Medicine · Inflammatory Bowel Disease and GIT Disorders (IBD, Malabsorption, PUD)

A 28-year-old man with Crohn's disease presents with a perianal fistula and proctoscopy shows no active rectal disease. He has had 2 prior infliximab infusions but developed anti-drug antibodies. Which biologic is MOST appropriate to switch to?

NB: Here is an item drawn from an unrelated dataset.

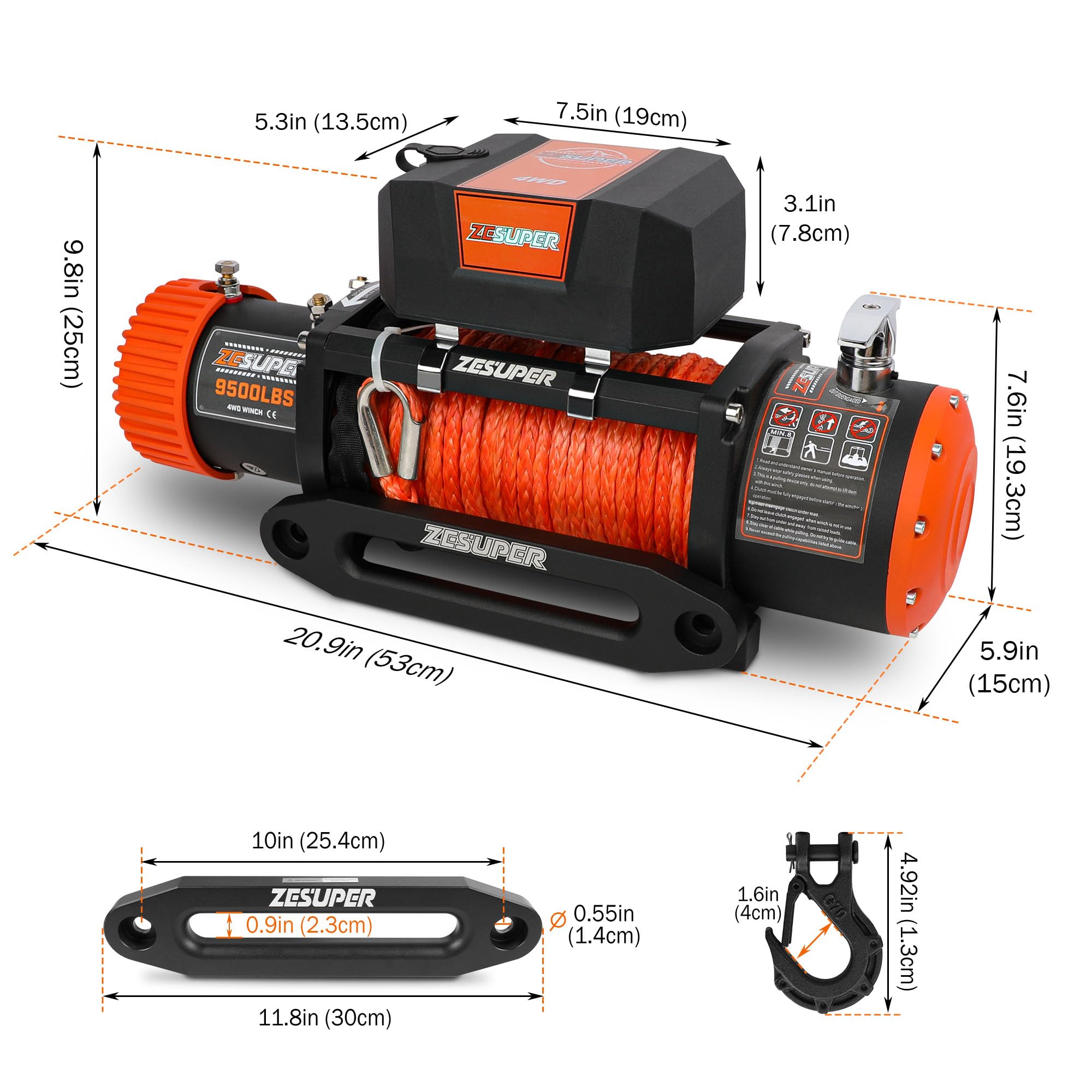 ZESUPER 9500 lb. Load Capacity Electric Winch,12V Electric Winch with Hawse Fairlead, Waterproof IP67 Winch with Wireless Handheld Remotes and Wired Handle Synthetic Rope 4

  • A Vedolizumab (anti-α4β7 integrin)
  • B A different anti-TNF agent (adalimumab) as second anti-TNF
  • C Tofacitinib (JAK inhibitor)
  • D Ustekinumab (anti-IL-12/23)
Correct answer: D. Ustekinumab (anti-IL-12/23)

Explanation

When a patient loses response to infliximab due to immunogenicity (anti-drug antibodies), switching within the anti-TNF class (to adalimumab) has lower efficacy than switching to a different mechanism. Ustekinumab (anti-IL-12/23 p40 subunit) is approved for moderately-to-severely active Crohn's disease and is effective in anti-TNF failures, as demonstrated in the IM-UNITI trial. Vedolizumab is more effective for UC than CD for perianal disease specifically. Tofacitinib is not approved for Crohn's disease.

Reference: Harrison's Principles of Internal Medicine, 21st ed.